Certains voient cette nouvelle tendance d’un œil très critique. C’est le cas d’Emmanuel Le Roch, pour qui nous assistons à une véritable bagarre entre des acteurs dont l’objectif n’est pas d’être rentable.
“Le but est d’aller le plus vite possible pour prendre des parts de marché à grands renforts de levées de fonds”, explique ce dernier. Et le délégué général de Procos de poursuivre :
« La problématique du quick commerce est qu’il n’apporte rien au bien-être des citoyens. C’est un mini-entrepôt, qui n’a pas pignon sur rue et qui ne joue pas le rôle d’animation dans une ville. Nous sommes sur des problématiques de livraison pure et d’efficacité logistique. Ce qui me paraîtrait ubuesque mais pas impossible, c’est que d’un seul coup tout le monde se dise que la livraison en 10 minutes est le modèle idéal”
Dans un communiqué de presse, Casino donne quelques pistes de réflexion sur les tenants et aboutissants de ce partenariat.
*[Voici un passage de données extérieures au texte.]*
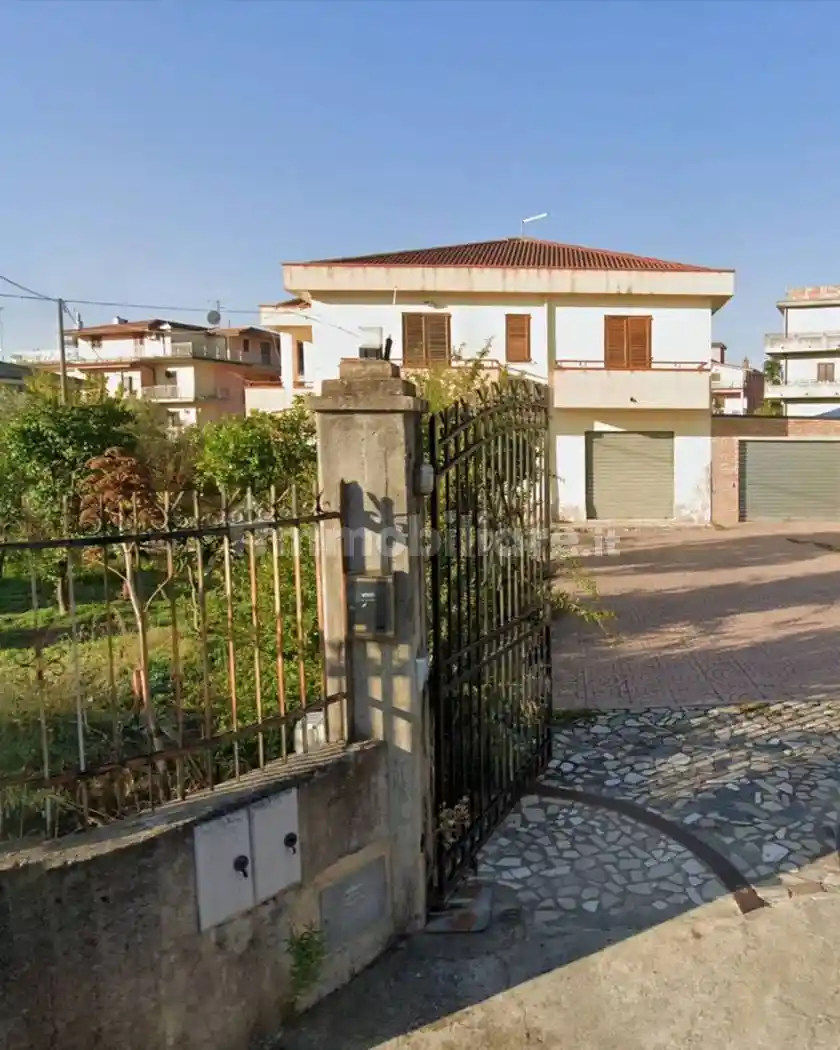 Villa unifamiliare via Santa Lucia No Number, Zona Capo Rizzuto, Apriglianello, Papanice, Crotone - foto 2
“À travers cet accord, le groupe Casino donne accès à Gorillas à ses produits de marque nationale et aux produits de marque Monoprix […]. Ces produits seront disponibles sur la plate-forme Gorillas et livrés en quelques minutes, à Paris, Lille, Bordeaux, Lyon et Nice”, précise le groupe dirigé par Jean-Charles Naouri. Avant d’ajouter :
“Dans un second temps, le groupe Casino s’appuiera sur l’expertise technologique et opérationnelle unique de Gorillas, qui assurera depuis ses magasins en France la préparation et la livraison ultra-rapide de commandes en ligne, passées par les clients sur les propres plates-formes de Monoprix et Franprix.” De son côté, Carrefour expliquait que la prise de participation dans la start-up doit s’accompagner aussi
“d’un partenariat industriel exclusif portant notamment sur l’approvisionnement et la logistique opérationnelle dans les darkstores de Cajoo.”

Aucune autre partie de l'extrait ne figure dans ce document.